Mapping out the route to long-term success as a veteran entering the civilian workforce seems nearly impossible. There are many different resources that claim to be “the one” that will answer all of your questions. But, is that really true?
Wouldn’t it be helpful for someone to take to test out those different resources and compile a list of the best of the best for veteran success? That’s what the Chamber of Commerce Foundation did.
Veteran Employment Transition (VET) Roadmap
The purpose of the Veteran Employment Transition (VET) Roadmap is to provide transitioning service members and veterans a resource so that they are better equipped to navigate that landscape and succeed in the civilian workforce.
The VET Roadmap captures and consolidates essential steps with best-in-class resources and tools. It is not intended to replace existing efforts, but to clarify the process, and aggregate the most effective resources at their disposal from across the public, private, and non-profit sectors. (Score!)

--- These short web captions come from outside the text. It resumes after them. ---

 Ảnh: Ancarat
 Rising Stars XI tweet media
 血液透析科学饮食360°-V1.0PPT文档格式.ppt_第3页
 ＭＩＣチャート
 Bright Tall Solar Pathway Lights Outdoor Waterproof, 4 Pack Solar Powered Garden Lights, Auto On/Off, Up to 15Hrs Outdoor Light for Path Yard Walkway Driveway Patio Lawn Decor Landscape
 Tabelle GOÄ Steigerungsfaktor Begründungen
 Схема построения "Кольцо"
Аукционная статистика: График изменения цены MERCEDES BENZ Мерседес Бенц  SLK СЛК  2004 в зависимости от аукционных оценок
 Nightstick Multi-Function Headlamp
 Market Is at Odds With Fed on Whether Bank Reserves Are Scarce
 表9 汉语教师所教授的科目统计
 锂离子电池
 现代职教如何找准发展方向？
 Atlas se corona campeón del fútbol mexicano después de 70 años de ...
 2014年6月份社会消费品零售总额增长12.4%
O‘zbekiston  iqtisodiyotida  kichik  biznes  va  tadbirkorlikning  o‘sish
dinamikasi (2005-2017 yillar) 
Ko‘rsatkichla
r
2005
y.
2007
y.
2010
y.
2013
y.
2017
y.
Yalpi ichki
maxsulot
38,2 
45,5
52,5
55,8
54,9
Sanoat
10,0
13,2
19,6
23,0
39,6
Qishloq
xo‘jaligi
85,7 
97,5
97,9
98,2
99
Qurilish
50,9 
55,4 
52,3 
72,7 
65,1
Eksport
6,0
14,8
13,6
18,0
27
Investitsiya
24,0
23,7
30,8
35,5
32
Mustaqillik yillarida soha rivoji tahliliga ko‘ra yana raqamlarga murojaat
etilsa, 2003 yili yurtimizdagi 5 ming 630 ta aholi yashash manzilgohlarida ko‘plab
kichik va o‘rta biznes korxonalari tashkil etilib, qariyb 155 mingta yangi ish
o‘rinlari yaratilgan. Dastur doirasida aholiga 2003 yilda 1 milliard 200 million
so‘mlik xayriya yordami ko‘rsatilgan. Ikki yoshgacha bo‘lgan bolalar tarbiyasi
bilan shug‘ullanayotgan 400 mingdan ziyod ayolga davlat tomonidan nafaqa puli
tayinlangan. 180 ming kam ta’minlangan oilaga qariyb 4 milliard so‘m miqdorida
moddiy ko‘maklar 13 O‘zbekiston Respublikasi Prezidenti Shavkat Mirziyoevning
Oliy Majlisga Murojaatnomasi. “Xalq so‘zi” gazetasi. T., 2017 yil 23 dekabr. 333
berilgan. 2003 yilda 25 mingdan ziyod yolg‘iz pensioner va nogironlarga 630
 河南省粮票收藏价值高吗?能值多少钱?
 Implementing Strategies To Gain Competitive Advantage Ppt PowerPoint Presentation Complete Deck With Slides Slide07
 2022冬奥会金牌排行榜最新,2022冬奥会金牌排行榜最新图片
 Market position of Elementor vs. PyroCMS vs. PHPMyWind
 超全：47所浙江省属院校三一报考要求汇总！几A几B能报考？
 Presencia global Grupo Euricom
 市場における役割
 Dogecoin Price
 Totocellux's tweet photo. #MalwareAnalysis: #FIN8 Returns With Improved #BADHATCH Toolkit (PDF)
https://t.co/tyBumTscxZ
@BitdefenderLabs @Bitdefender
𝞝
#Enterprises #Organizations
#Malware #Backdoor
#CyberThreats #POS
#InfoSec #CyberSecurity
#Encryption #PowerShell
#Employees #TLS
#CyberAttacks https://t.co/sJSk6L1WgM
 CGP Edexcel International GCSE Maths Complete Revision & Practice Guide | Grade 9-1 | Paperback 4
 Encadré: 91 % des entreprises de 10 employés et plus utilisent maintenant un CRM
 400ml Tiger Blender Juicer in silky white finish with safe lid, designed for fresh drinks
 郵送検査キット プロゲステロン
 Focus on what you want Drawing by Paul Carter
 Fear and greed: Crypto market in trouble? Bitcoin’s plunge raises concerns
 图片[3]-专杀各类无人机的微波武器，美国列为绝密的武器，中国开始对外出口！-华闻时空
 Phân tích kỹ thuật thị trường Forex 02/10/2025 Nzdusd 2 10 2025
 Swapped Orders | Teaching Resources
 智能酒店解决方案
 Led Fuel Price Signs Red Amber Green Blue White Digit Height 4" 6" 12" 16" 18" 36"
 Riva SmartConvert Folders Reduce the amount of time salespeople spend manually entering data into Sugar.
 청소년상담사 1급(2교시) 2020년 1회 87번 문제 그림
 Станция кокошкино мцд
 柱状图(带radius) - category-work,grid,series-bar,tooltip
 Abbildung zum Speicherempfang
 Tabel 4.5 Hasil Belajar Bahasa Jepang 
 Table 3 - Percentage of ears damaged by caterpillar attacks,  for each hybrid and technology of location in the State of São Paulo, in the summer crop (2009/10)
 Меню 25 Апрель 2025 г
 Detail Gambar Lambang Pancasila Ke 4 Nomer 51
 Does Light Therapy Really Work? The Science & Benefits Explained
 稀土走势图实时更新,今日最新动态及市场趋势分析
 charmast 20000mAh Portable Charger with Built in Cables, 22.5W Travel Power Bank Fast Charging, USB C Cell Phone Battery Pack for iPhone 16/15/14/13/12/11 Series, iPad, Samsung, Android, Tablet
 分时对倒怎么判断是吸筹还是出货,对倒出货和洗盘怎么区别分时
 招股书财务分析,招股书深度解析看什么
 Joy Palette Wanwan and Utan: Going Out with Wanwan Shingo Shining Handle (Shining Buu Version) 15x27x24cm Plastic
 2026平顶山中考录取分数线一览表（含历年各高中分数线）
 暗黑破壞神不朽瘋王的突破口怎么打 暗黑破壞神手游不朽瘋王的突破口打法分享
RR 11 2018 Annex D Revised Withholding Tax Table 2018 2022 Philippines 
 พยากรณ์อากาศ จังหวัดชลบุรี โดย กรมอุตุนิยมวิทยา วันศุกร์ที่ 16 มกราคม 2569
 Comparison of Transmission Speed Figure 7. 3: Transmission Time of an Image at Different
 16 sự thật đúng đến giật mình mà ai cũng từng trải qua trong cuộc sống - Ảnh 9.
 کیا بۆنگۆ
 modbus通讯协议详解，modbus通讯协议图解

A successful transition is an individual responsibility that requires understanding, planning, and deliberate execution – something familiar to everyone who has worn the uniform. The VET Roadmap will help transitioning service members and veterans take that ownership and responsibility. (Ownership + Responsibility *lead to* Veteran Success)
One Roadmap Fits All?
Of course, there is no one-size-fits-all approach to transition from military service to civilian life. Yet the process for getting there – the “roadmap” for transitioning to a meaningful civilian career – is remarkably similar across rank, background, and level of experience. The VET Roadmap outlines the essential phases to assist a transitioning service member or veteran as he/she prepares for employment in the civilian sector, locates a potential employer, secures an offer for meaningful employment, and successfully transitions into the civilian workforce.
The VET Roadmap
Phase 1 – Prepare
As a veteran, you are entitled to an array of benefits, services, and resources to foster a successful transition and civilian career. Benefits discovery should be a continuous process as circumstances and plans change. Putting effort into this at the beginning is crucial to long-term veteran success.
You must assess, understand, and articulate the value you bring to a prospective employer. You possess training, education, experience, certification, licensure, and “valued” skills that civilian employers need, but do not necessarily understand. Skills assessment helps detail an extensive list of the competencies, education, training, certification, licensure, and experience while on active duty, in previous employment, or while conducting volunteer work.
Much like any military mission, the transition process requires a tremendous amount of planning, preparation, and time for execution. Your strategic plan should take into account variables such as acquired skills, career ambitions, level of education, formal training, required additional credentials or training to meet career goals, family planning, health and wellness, geography restrictions, benefits, and personal priorities.
Phase 2 – Transition
You must develop a clear statement of the tangible results an employer would receive from hiring you.
MARKETING AND NETWORKING
Marketing and networking help you improve your image and reputation to advance your career opportunities. Marketing conveys your personal brand and value proposition to prospective employers through your resume, elevator pitch and interview skills.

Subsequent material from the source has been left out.